For more than two years into Donald Trump’s first and only term, American journalists and their commentariat were slow to recognise the terrifying implications of what was then called the former president’s “shredding” of “norms”. With news laden with euphemisms for the president’s lies, and official reports describing his daily assaults on democracy as “potential risks”, it was as if the entire country couldn’t see the forest for the trees.

Namely, that there was a tyrant in the White House, and they might not be able to get him out.

At yesterday’s seventh hearing of the January 6 Committee, no such blindness was evident. Led by chairman Bennie Thompson, the committee set forth the evidence for the sixth prong of Trump’s assault on fair elections, the rule of law and the peaceful transfer of power.

Coups can be bloodless. Indeed, all five of Trump’s prior attempts to retain power against the expressed will of the people could be described this way. But after Trump failed to derail the peaceful transfer of power by pressing on the courts, by pressuring state legislators and election officials to change the results, by submitting fake slates of electors, by leaning on the Department of Justice, and by pressuring his vice president to refuse to count electoral votes, all that remained was the muscle and a clown car of external advisers like Sidney Powell fantasising about the military seizing voting machines. When the latter was put to bed by White House staff, Trump’s final effort to retain power by force was underway.
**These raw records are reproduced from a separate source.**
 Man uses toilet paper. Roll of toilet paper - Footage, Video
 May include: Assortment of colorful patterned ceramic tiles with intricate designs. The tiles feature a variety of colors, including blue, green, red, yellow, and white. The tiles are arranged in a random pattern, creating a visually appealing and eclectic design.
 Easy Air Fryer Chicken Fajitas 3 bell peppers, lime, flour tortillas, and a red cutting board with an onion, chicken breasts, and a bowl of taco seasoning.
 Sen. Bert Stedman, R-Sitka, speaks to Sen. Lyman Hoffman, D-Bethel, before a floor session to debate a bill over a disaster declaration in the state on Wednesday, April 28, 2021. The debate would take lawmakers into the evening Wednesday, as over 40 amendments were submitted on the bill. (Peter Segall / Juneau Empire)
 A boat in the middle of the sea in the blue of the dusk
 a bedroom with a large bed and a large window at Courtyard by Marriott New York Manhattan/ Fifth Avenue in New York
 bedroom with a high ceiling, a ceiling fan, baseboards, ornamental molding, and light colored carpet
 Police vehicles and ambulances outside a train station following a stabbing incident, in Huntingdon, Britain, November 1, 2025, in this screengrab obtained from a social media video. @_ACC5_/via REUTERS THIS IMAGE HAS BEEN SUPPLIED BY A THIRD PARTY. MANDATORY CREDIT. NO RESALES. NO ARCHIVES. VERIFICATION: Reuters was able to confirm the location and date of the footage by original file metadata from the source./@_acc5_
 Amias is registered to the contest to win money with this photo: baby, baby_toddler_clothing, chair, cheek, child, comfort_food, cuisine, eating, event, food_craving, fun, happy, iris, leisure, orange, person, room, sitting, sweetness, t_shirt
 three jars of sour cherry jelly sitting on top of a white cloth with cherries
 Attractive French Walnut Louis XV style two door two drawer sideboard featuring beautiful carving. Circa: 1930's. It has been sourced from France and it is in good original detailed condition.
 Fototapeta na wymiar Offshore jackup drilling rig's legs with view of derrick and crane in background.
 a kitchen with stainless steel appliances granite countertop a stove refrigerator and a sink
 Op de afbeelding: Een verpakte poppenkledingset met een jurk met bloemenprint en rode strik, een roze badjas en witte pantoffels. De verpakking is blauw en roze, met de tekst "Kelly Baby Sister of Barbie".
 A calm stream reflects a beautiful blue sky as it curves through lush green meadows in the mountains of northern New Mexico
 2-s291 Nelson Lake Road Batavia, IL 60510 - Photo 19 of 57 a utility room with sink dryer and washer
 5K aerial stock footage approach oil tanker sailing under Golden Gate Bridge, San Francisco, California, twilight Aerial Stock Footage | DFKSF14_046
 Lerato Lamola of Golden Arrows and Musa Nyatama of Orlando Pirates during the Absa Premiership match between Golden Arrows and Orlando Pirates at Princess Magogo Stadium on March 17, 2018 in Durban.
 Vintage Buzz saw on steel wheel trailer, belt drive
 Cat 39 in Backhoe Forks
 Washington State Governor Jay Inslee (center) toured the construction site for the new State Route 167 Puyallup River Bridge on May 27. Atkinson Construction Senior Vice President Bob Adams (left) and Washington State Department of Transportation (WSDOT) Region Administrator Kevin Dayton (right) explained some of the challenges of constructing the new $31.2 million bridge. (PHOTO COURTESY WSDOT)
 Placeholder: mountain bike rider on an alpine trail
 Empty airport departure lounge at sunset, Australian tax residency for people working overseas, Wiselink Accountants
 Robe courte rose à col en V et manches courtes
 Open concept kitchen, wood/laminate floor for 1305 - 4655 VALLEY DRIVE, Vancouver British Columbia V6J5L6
According to Jason Van Tatenhove, the Oath Keepers played a key role in violently assaulting police, crashing through crowd-control barriers, and smashing windows to invade the Capitol on January 6. He should know. He was a spokesman for a group he described as “dangerous” and “violent militia”, comprising the “alt right, white nationalists, and even straight up racists”. Their vision of the United States matched what we saw on January 6, according to Van Tatenhove. “It doesn’t necessarily include the rule of law … it includes violence. It includes trying to get their way through lies, through deceit, through intimidation, and through the perpetration of violence.”

If Van Tatenhouse was the penitent, the other man giving evidence before the committee, Stephen Ayres, was the chump. Ayres, who was a cabinet maker of 20 years, lost his job and his home after being charged with following paramilitary forces into the Capitol. Indeed, following was what Ayres did best, including coming to the Capitol because Trump’s social media posts told him to “be there” and leaving after Trump’s belated 4.17pm tweet of “come out”, telling him to go home. “I was hanging on every word he was saying,” Ayres told the committee.

So, what was the point of such personal and detailed testimony detailing facts that those paying attention have known for weeks, if not months? The strongest clue comes from Republican vice-chair of the committee Liz Cheney’s opening statement.

“Millions of Americans … did not have access to the truth [about election fraud] like Donald Trump did. They put their faith and their trust in Donald Trump. They wanted to believe in him. They wanted to fight for their country, and he deceived them. For millions of Americans that may be painful to accept, but it is true.”

It’s the national reconciliation piece again, this time with direct outreach from and to white, working-class men. “I got away from all the social media … consider myself a family man and I love my country. I don’t think any one man is bigger than one of those things,” Ayres told the committee, before confessing “I felt like I had horse blinders on”.

Will it work? Who knows, though I note that the gender-diverse, multi-ethnic array of Capitol police stationed behind the witness table looked like a sceptical Greek chorus. Indeed, many of their brethren remained so when, after the hearing closed, Ayres went through the room offering a personal apology to law enforcement officers — or to the spouses of those who were wounded or killed during the insurgency.

Perhaps this is why this hearing, for me anyway, failed to pack as much of a punch as earlier ones. It wasn’t designed for me.